‘Sinds wij elkaar – nu vier volwassen kinderen en drie huizen geleden – tegenkwamen was hij op en top míjn vent. Een partij om vol trots achterna te lopen en dat bedoel ik in alle opzichten. Ook toen het vijf jaar geleden plotseling heel erg bergafwaarts ging met zijn zaak veranderde dat niets aan mijn gevoelens voor hem. Het was me nooit in de eerste plaats te doen geweest om zijn succes, maar om de man zelf. Daarom kon ik financiële tegenslag in eerste instantie heel goed handelen en lag ik er niet wakker van om het met minder te moeten doen. Totdat de bodem van de financiële put echt in zicht kwam en ik achtervolgd werd door onbetaalde rekeningen.

 

‘We moeten praten’, zei ik op een ochtend. Ik moest me geen zorgen maken want dit ging heus wel goedkomen, was zijn reactie. Hoe? Dat kon ik maar beter aan hem overlaten. En daarmee was de kous af.

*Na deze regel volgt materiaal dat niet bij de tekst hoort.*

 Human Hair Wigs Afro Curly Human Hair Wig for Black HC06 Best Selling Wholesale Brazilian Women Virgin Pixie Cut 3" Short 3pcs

Toen ik het na een paar dagen opnieuw bespreekbaar probeerde te maken reageerde hij geïrriteerd dat ‘dit gezanik niet bijdroeg aan een oplossing en dat hij al genoeg aan zijn hoofd had’. Het was me duidelijk dat hij het nergens over wilde hebben en zijn kop in zand stopte. Die eigenschap kende ik natuurlijk best wel van hem, maar het maakte nooit zo uit omdat het nog niet eerder over grote issues ging – en nu wel. 

 

Via via kon ik aan een baantje komen. Alles beter dan niets, maar in ons geval de spreekwoordelijke druppel op de gloeiende plaat want onze schulden waren zo hoog opgelopen dat het betalen van de hypotheek op een gegeven moment niet meer lukte en ik bij mijn ouders moest aankloppen. ‘We moeten nu echt praten’, zei ik na de eerste lening. Hij barstte uit in een soort woede die ik nog nooit van hem had gezien. Zo heftig dat ik er bang van werd. Die reactie bevestigde de ernst van de situatie. Maar nog erger dan dat is dat er nooit een oplossing komt als we die niet samen kunnen zoeken. Ik kan namelijk zijn auto niet verkopen zonder zijn toestemming en ook ons huis niet zomaar op Funda zetten.

 

Inmiddels praten we helemaal nergens meer over en is er in mijn perceptie niets meer over van die partij om vol trots achterna te lopen. Ik maak me alleen nog maar zorgen. Over hem, over ons, over onze toekomst en vooral over of we nog wel een toekomst hebben. Ook zonder aanleiding ontsteekt hij al in blinde woede. Noem het onmacht, noem het gezichtsverlies, schaamte, een gekrenkt ego of ga er desnoods van uit dat hij hartstikke overspannen is. Feit is dat we inmiddels zo ver zijn afgegleden dat zelfs boodschappen doen om eten te kopen nog amper gaat en dat ik morgen heel hard zou weglopen als ik enig idee had over waar naartoe – maar dat heb ik niet. En geld om te scheiden is er al helemaal niet.’

 

 

Mirabels naam is vanwege privacy gefingeerd. Haar echte naam is bekend bij de redactie.